The NDX target of "Greater than $4000 was hit.
And ironically off a rough drawing showing where we want to take long action at the base and the second place on a slight pullback at #1 and then the next significant position would be at #2, this is almost exactly where the IWM moved to.
In fact the official targets show the IWM crossed just above point "A", the minimum target for the IWM
All of these were posted nearly a month ago based on the size of the divergences and length of the base as moves tend to be proportional, this allowed me and many other members to hold core shorts, yet still hedge the short exposure with piggy back longs.
The main point being, we've hit the target areas, we've been in the reversal process for 2 trading weeks.
As I said, I really can't make a much stronger case, actually the market is making the case, I'm just showing you the charts. I'll spend the rest of my time this week with some market updates as we do have a 1-day oversold status and mainly focussing on position entries.
To that end, as mentioned, we do have a 1-day oversold status in Dominant Price/Volume Relationships. All 4 major averages came in at Close Down/Volume Up which is a 1-day oversold condition with the market typically closing up the next day.

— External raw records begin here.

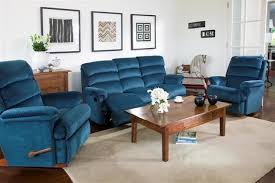 Canyon 3 Seater Recliner Recliner Lounge Suite Pictured In Navy Fabric Available In Other Configurations A Furniture Lounge Suites Stylish Living Room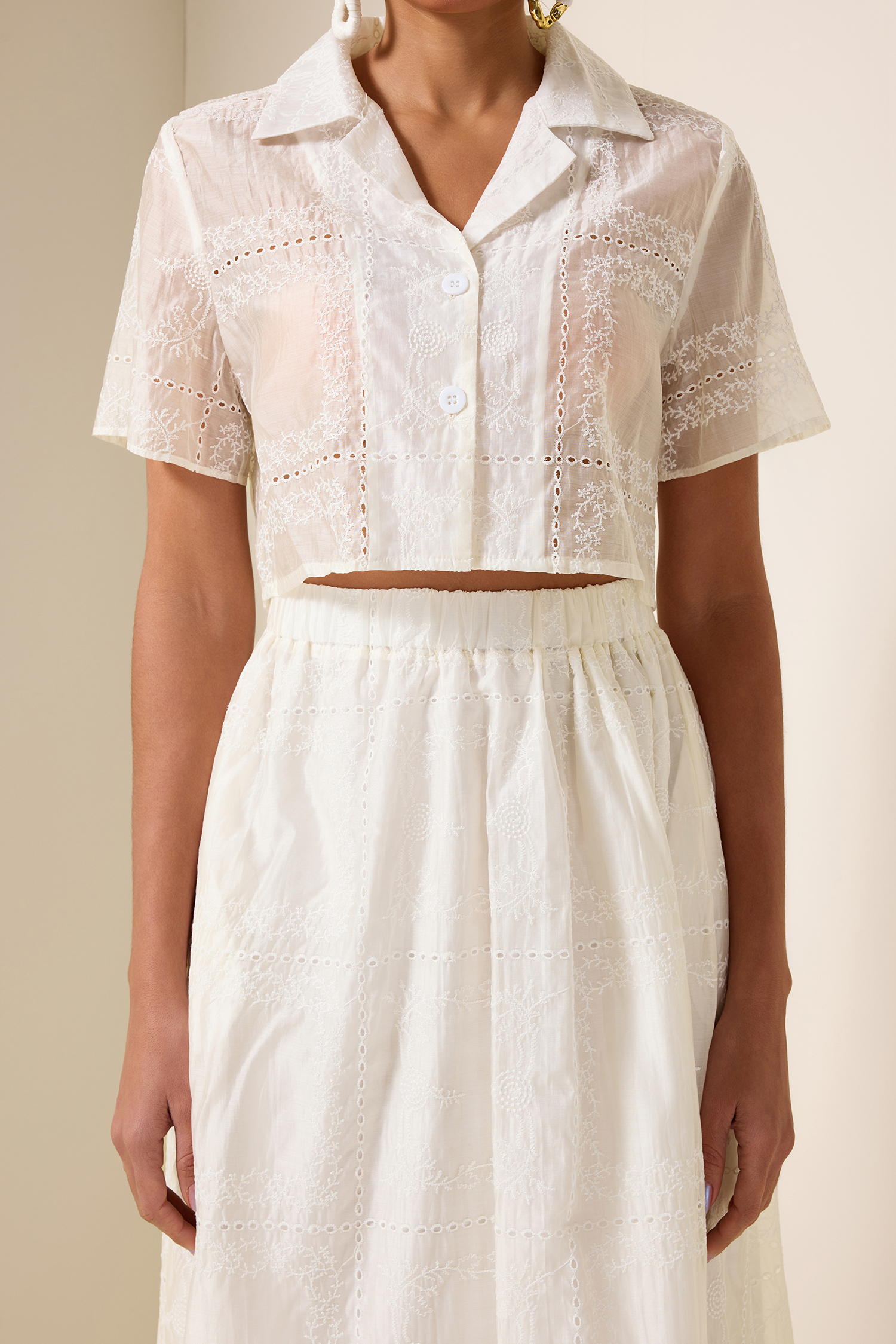 Solid Embroidred Top & Mid Waist Embroidered Skirt Set Solid Embroidred Top & Mid Waist Embroidered Skirt Set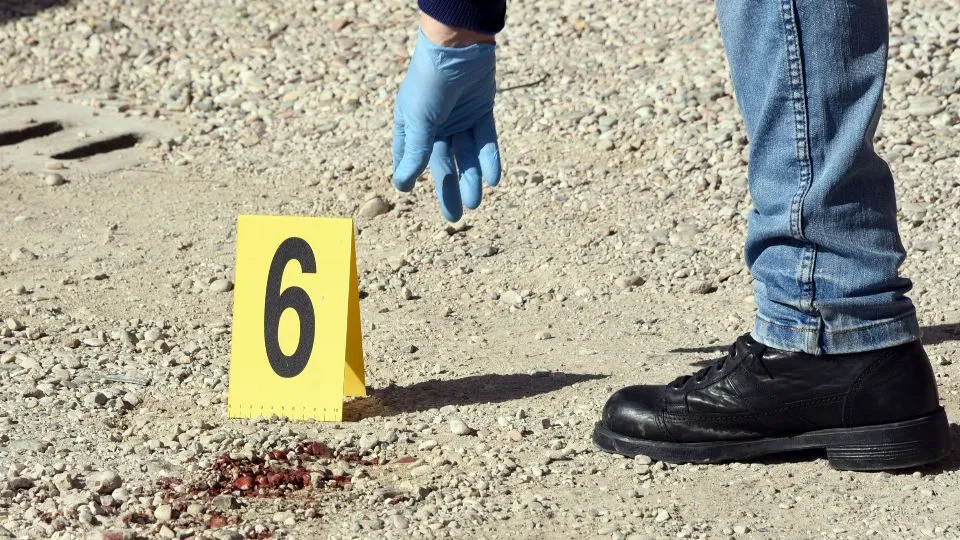 Una delle macchie di sangue repertate (foto Migliorini)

All 9 S&P sectors closed red, another typical 1-day oversold status.
And of the 239 Morningstar Industries and Sub-Industries, ONLY 17 OF 239 CLOSED GREEN!!!
IN ADDITION WE HAVE SOME SHORT TERM 3C DIVERGENCES THAT SUGGEST WE HAVE A NICE SHOT AT STOCKS LIKE NFLX, SCTY AT HIGHER PRICES, BIDU, XLF, ETC. ALTHOUGH I STRONGLY URGE YOU TO CONSIDER RISK MANAGEMENT AND HOW MUCH IT MEANS TO TOP TICK THE MARKET VS MAYBE MISS THE MOVE.
Finally as for breadth, the collapse yesterday was just exacerbated today. To demonstrate how bad of a position this market is in, just look at the NASDAQ Composite's Advance/Decline line...
The A/D line is in green and should keep pace with the NASDAQ Composite in red, there's serious deterioration from March to July, but worse from July to p[resent. This is a hollow market with no support ready for an ugly move to the downside.
All of the other breadth indicators I mentioned last night rolling over to 12-18 day lows, are just that much worse today.
The very simple "Percentage of NYSE Stocks Trading Above Their 200-Day Moving Average" has collapsed to 17-day lows...
This would be a problem just for the current cycle, it's way worse considering how much the breadth indicator collapsed from July to present. This is the kind of damage I haven't seen in breadth since 2007's top and it's the kind that doesn't get repaired. Essentially, it's just a matter of time and not much at that.
The formar darling, "Momentum Stocks" have it even worse...
These are stocks that run 2 standard deviations above their 40-day moving average, momentum stocks and as you see, they did what they should have from January to May, then things fell apart at an increasingly rap[id pace. We are almost at the levels that caused me to call for an oversold bounce on July 31st and that was on a 4-8% market decline, we're still sitting on a plateau, VERY DANGEROUS.
That should do it for tonight, just keep all of the pieces of the puzzle in mind, they're all pointing in the same direction.